Word frequency for array of key/values on javascript

Question

I'm trying to implement a piece of code on javascript to analyse word/frequency on a given string. My objective is to return a array as the following:

[{text: firstword, size:3 },{text:secondword , size:5 },{text: nword, size: 1},...]

I implemented the following code but I'm running out of memory, so I don't really know if its ok or not.

function wordFrequency(txt){
    var wordArray = txt.split(/[ .?!,*'"]/);
    var newArray = [];
    $.each(wordArray, function (ix, word) {
        if (newArray.length >= 1){
            newArray.some(function (w){
                if (w.text === word){
                    w.size++;
                } else {
                    newArray.push({text: word, size: 1});
                }
            });
        } else {
            newArray.push({text: word, size: 1});
        }
    });
    return newArray;
}

but it will have repeated result I tried this one: wordFrequency("negin!kjs$wkjh*df oiuw& skdjhh"); — Nickool, Nov 12 '14 at 00:24
I'm trying to use a big chunck of text and Im getting out of memory every time, even when tried with jsfiddle. :( — diegodacal, Nov 12 '14 at 00:24
because when you have space you shouldn't count it as a word — Nickool, Nov 12 '14 at 00:25
just remove the space and try again i mean in here : txt.split(/[ .?!,*'"]/); remove and instead have this: txt.split(/[.?!,*'"]/); — Nickool, Nov 12 '14 at 00:28
In addition to my answer running out of memory is a pretty good indicator that your code is **not** ok. — LJᛃ, Nov 12 '14 at 00:42
@diegodacal does the order of the words in the final result actually matter? — Alnitak, Nov 13 '14 at 05:53

LJᛃ · Accepted Answer · 2014-11-12T00:54:09.357

Array.prototype.some expects the given callback to return true or false and returns true as soon as your callback returns true for a given element, otherwise it returns false.

So some iterates over all elements, with your given callback, and your callback checks if the given element text equals the search word and if not adds a new object.
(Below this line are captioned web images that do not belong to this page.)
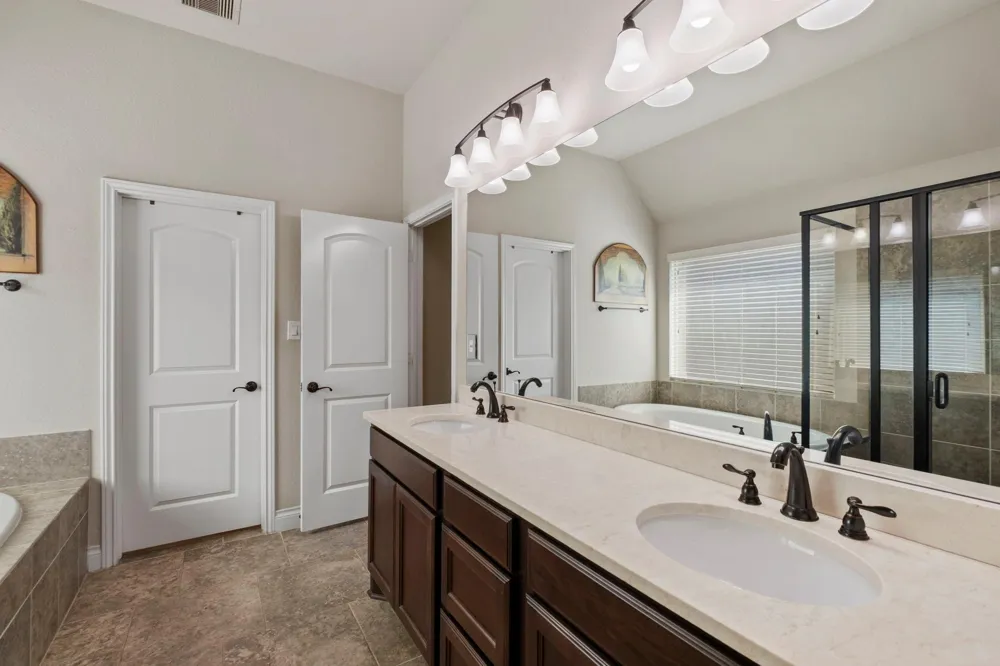 2030 Rainy Mist Drive Missouri City, TX 77459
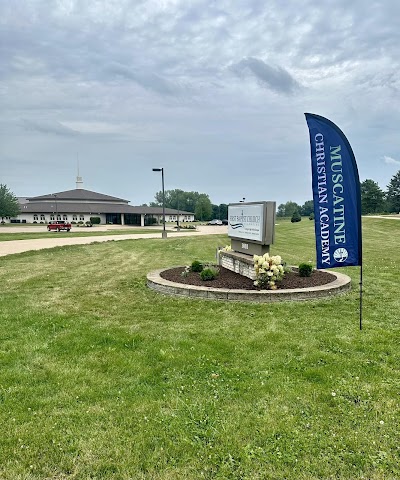 Muscatine Christian Academy logo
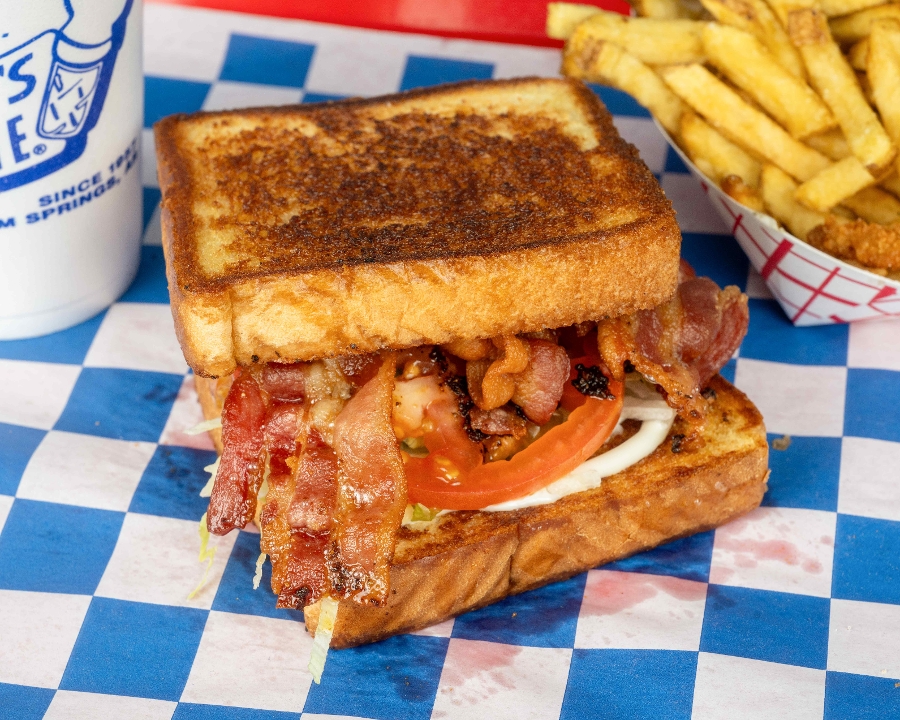 BLT SANDWICH.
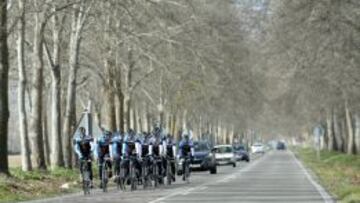 EN CAMINO. El Specialized, equipo sub-23 de la Fundaci&oacute;n Alberto Contador, rueda durante el entrenamiento tras atravesar la localidad madrile&ntilde;a de Aranjuez.
 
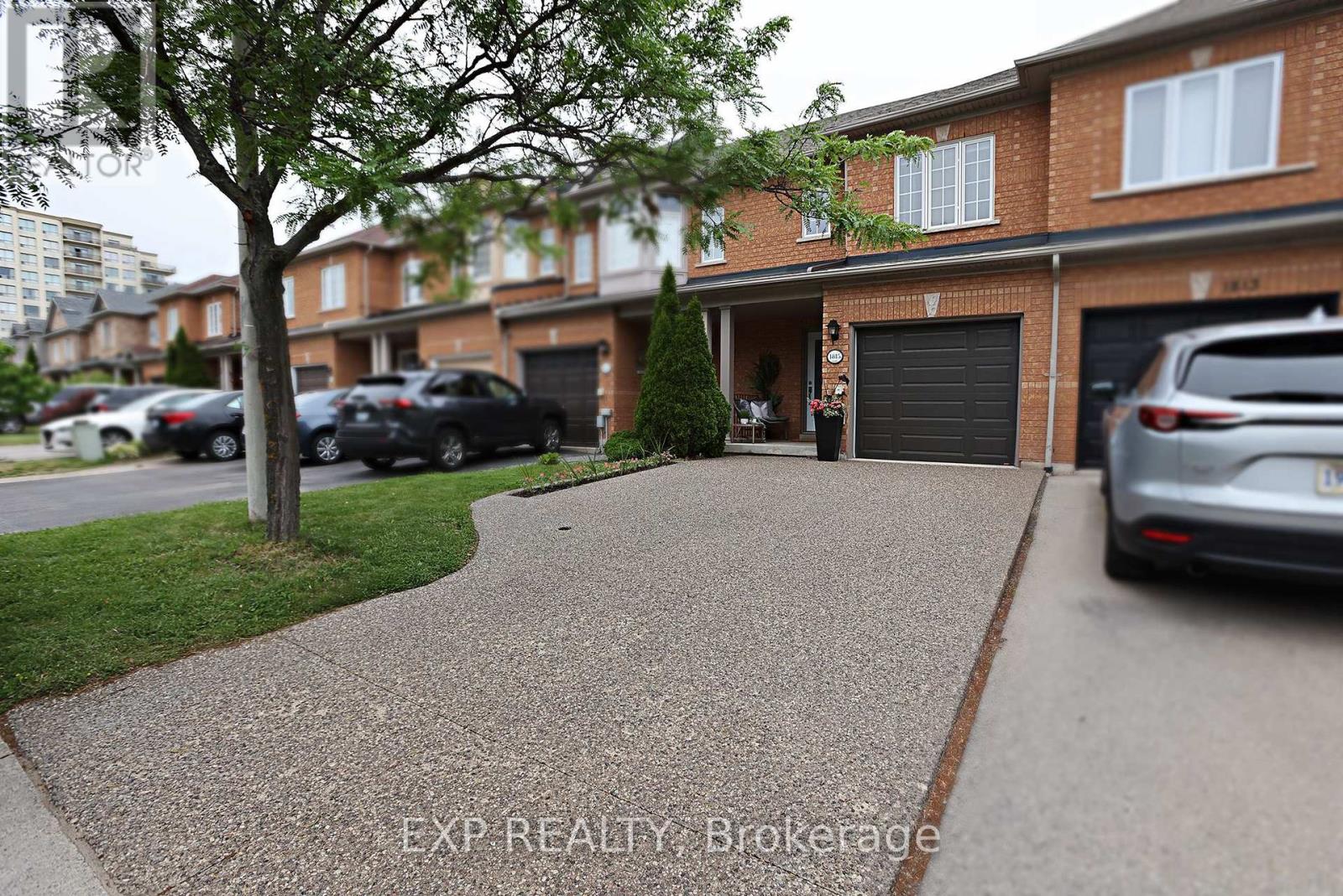 1815 Mccoy Avenue, Burlington, Ontario  L7L 7L8 - Photo 3 - W13465130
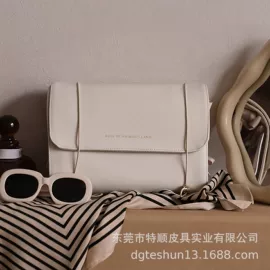 化妆包;收纳袋收纳包;女士单肩包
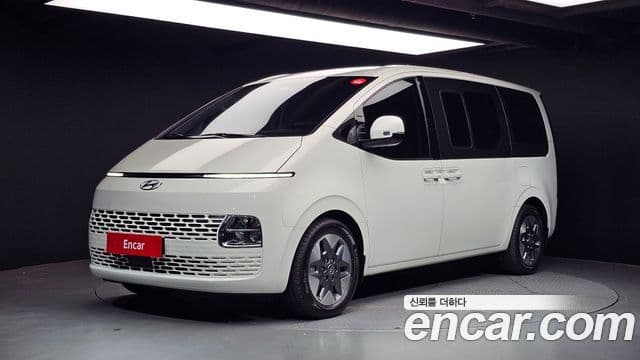 Hyundai Staria 2021 — ფოტო 1/20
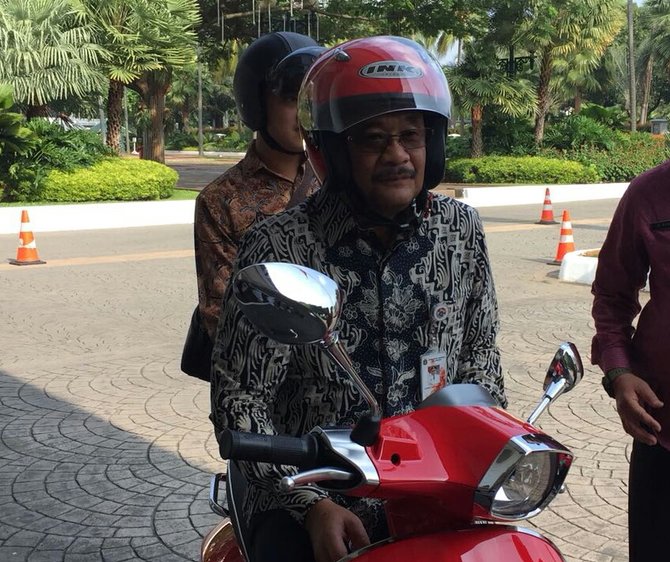 djarot naik vespa ke balai kota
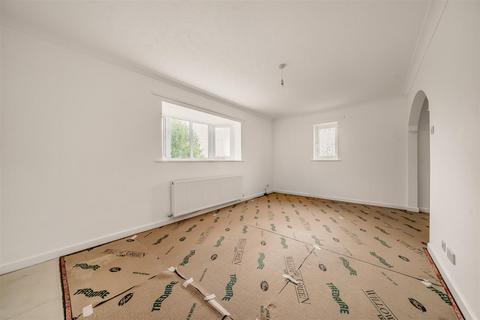 4 bedroom detached bungalow for sale, Amberley, Lyth Hill, Lyth Bank, Shrewsbury, SY3 0BS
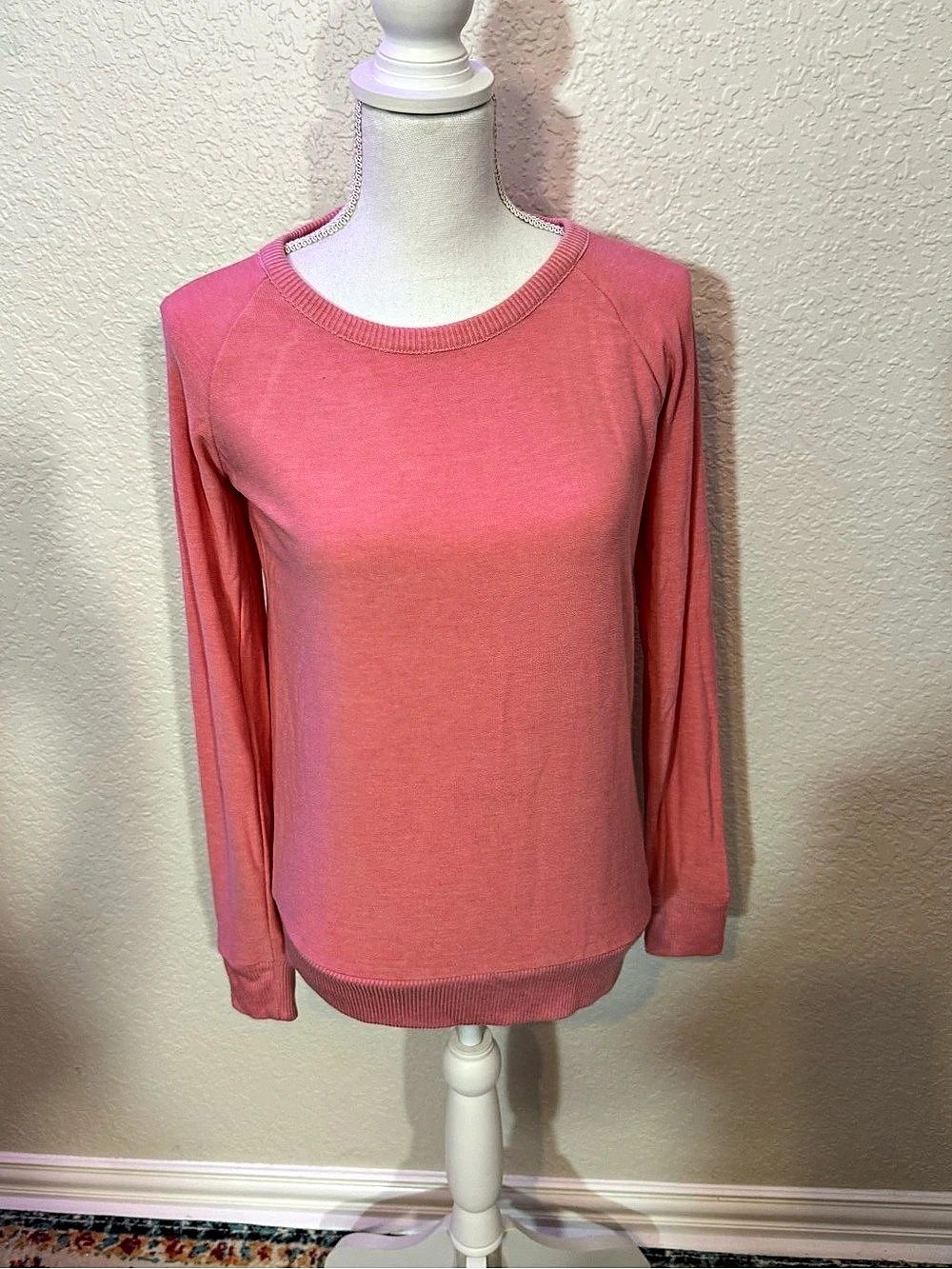 Chaser Long Sleeve Crewneck Sweater Crewneck Sweater Pink Size Medium NWT (B8)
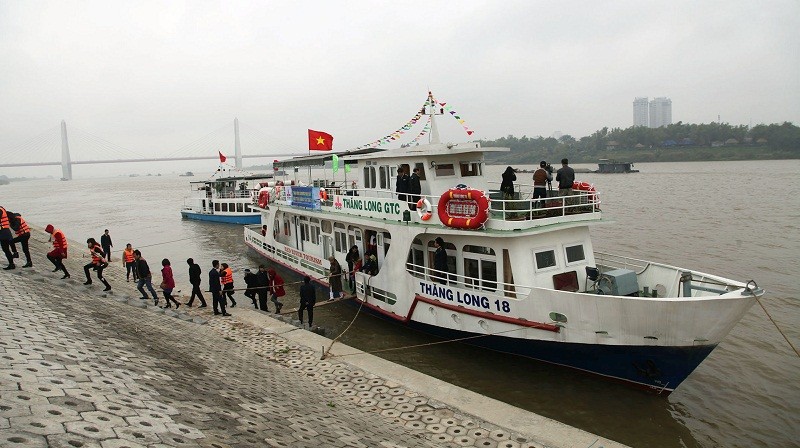 Khách tham gia tour du lịch sông Hồng do Công ty CP Thăng Long GTC tổ chức.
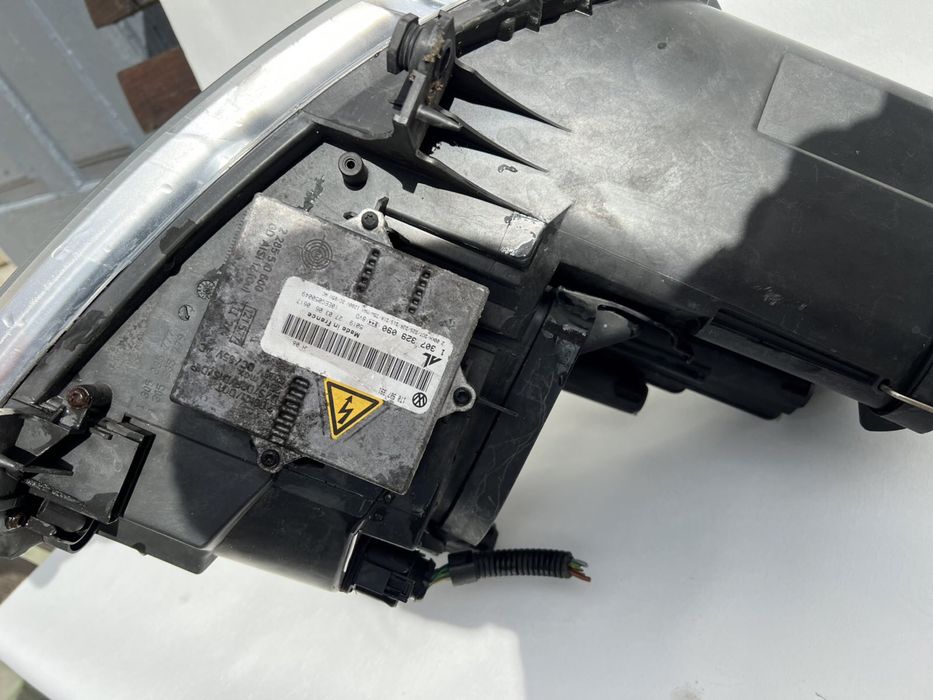 Фари передні та ліхтарі задні (стопи) VW Caddy 3 Туран (2003-2010) оригінал б/у(ксенон)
Introducing a new element the some function can iterate over.

So to make this clear, for every word thats in the newArray before the word you're searching, you're adding a new object containing your word.

Suppose your newArray looks like this:

[{word:"test"},{word:"another"},{word:"one"},{word:"more"}]

after calling your function for the word even it looks like this:

[{word:"test"},{word:"another"},{word:"one"},{word:"more"},{word:"even"},{word:"even"},{word:"even"},{word:"even"}]

Using Array.prototype.filter would be the better approach here, finding you the matching element, note that I also replaced $.each with Array.prototype.forEach:

function wordFrequency(txt){
  var wordArray = txt.split(/[ .?!,*'"]/);
  var newArray = [], wordObj;
  wordArray.forEach(function (word) {
    wordObj = newArray.filter(function (w){
      return w.text == word;
    });
    if (wordObj.length) {
      wordObj[0].size += 1;
    } else {
      newArray.push({text: word, size: 1});
    }
  });
  return newArray;
}
document.write(JSON.stringify(wordFrequency("count everything, count all the words, count all the words!").sort(function(a,b){return a.size<b.size})).split("},").join("}<br/>"));

score 2 · Answer 2 · answered Nov 12 '14 at 00:54

It would be simpler and far more efficient to create a direct map from word to frequency, and only afterwards convert that to your array structure. Given an array words create a map of the words:

var freq = words.reduce(function(p, c) {
    p[c] = (p[c] || 0) + 1;
    return p;
}, {});

and the convert that map into your array:

var array = Object.keys(freq).map(function(key) {
   return { text: key, size: freq[key] };
});

score 1 · Answer 3 · answered Nov 12 '14 at 00:50

To tell the frequency all you need is a hash map approach. Your algorithm is quadratic, since the some method is nested in the each method, so you're always looping over the newArray just to find an entry and increment the size.

A map approach is easily achievable using a JavaScript object. It also gives you constant look-up time, which is better performance than the nested loops approach.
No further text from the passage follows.